What is expected: Nothing outside the range is to be copied. From the entries below, reproduce exactly the lines starting at the one with "Crazy 8 boys" and ending at the one with "Sarah & Sally", without pictures.

Material supplied:
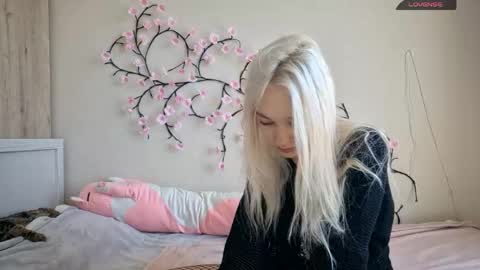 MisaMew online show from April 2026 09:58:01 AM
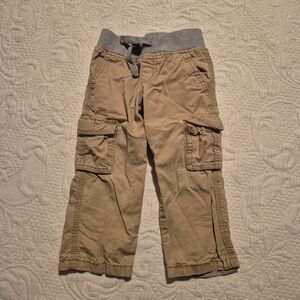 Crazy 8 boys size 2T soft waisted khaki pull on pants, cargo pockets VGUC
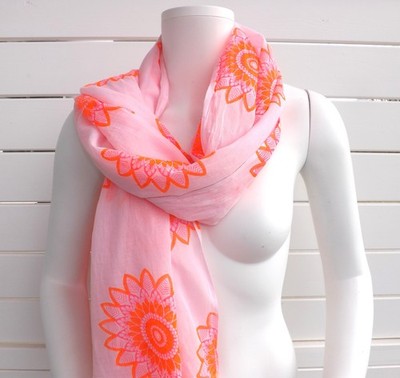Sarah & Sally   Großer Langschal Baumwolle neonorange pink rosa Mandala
---
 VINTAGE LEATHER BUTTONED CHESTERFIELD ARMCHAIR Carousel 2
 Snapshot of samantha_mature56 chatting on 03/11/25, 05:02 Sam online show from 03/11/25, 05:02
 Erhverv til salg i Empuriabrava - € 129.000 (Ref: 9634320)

Response to the exercise:
 Crazy 8 boys size 2T soft waisted khaki pull on pants, cargo pockets VGUC
Sarah & Sally   Großer Langschal Baumwolle neonorange pink rosa Mandala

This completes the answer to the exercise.